As a writer living in the Bay Area between San Francisco and San Jose
for the past twenty years, I'd always felt smug compared to my creative
compatriots living in other states, let's say Indiana. This was THE happening
place. The slide from grace started so slowly that I hardly noticed it
at the time. It dates, I believe, from the erection of the Oracle Headquarter
silos just a few miles from my ex-house. Thousands of people poured into
the area with Workaholic Techie Syndrome manifested by the omnipresent
cellphone growing out of their ears and road rage. The silver silos with
their mirrored surfaces-where we can't see them, but they can see us-hovered
over the highway like some Orwellian viewing the future.
Now I'm sure some very nice people crowded me out of my nest, but the
air of hurry, rush, read my Palm is not conducive to creative work. Creativity
takes place best in a stream of consciousness that needs to meander, flow,
toss the Palm into the river. This hit me on the hour-long ferry ride
over to the San Juans, while I stared mesmerized at the dappled, rippling
water and the islands emerging from the mist like some found Atlantis.
I'd found what I didn't know I'd lost: Ferry time. Fax Time speeds the
mind up, Ferry Time slows it down.
Before leaving the Bay Area, I had read about the rumblings of a potential
creative brain drain from San Francisco as rents soared and the cost of
living became stratospheric. Here I had thought I'd moved because of traffic,
money, and stress, oh my, but my soul knew better what it craved; Ferry
Time and the company of other ferry pilgrims.

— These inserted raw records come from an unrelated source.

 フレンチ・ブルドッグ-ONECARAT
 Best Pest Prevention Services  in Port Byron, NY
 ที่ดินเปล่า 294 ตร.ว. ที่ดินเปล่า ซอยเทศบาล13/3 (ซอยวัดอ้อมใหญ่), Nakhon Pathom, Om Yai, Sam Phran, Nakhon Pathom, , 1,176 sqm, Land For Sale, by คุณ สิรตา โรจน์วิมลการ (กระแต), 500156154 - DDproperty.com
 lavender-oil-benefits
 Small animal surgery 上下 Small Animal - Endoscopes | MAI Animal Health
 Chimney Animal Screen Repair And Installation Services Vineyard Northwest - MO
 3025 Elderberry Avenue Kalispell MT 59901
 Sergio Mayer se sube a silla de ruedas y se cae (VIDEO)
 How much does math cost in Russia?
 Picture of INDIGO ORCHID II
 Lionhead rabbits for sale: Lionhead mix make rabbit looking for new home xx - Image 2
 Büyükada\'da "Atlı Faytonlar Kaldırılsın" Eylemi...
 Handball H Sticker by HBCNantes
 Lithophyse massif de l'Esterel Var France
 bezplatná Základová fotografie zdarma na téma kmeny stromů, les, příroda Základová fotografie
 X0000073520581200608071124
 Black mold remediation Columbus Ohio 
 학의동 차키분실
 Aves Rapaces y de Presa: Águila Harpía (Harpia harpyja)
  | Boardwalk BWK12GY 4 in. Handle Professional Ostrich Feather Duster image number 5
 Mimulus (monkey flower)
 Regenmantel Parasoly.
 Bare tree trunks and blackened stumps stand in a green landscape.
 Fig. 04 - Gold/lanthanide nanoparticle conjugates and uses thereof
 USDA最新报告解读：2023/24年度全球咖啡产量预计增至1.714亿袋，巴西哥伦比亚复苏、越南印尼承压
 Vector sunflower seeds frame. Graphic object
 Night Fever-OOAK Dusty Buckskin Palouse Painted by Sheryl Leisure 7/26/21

In the Bay Area of years past, I used to meet interesting people, free
spirits with a bank account. But since the advent of Oracle, where Silicon
Valley rushed up the 101 like a tsunami and drowned many of us in its
wake, when meeting new people I didn't have to ask what they did. Just
looking at them not looking at me, their eyes glazed, fixing some networking
situation in their heads that involved chips and not people, I knew. I
became lonely for conversation with others of my kind who knew the difference
between Proust's Madeleine and a Krispy Kreme.
Within one month of moving to Washington State, so far north I could spit
and hit some incredibly polite Canadian, I'd met a man who forged gourmet
cooking knives in his barn, two (not one) female botanists, and an Improv.
performer of both genders. People of every walk of life moved to their
own rhythms in the Pacific Northwest, living on ferry time, and not rushing
around like Chicken Little on speed. I knew I'd found the new pool of
cool and boy did I want to jump in, splash around, and play with the others.
My own pace slowed and I started living more naturally, the weather determining
my actions. Raining? Stay in and write. Sunny? Take a walk; the gym is
for when it's pouring. Snowing? Write about how it feels to live in a
snow globe.
Now, during the winter months, the marimba players of this past summer
swaying with the blissful tunes in Friday Harbor play in my memory. They
make so much better music than the blare of horns and pedestrians talking
to wires running out of their ears in my old hometown. If you're the least
bit cool, consider coming northwest for a visit. Your soul will be waiting
to greet you at the ferry dock with a marimba band for backup.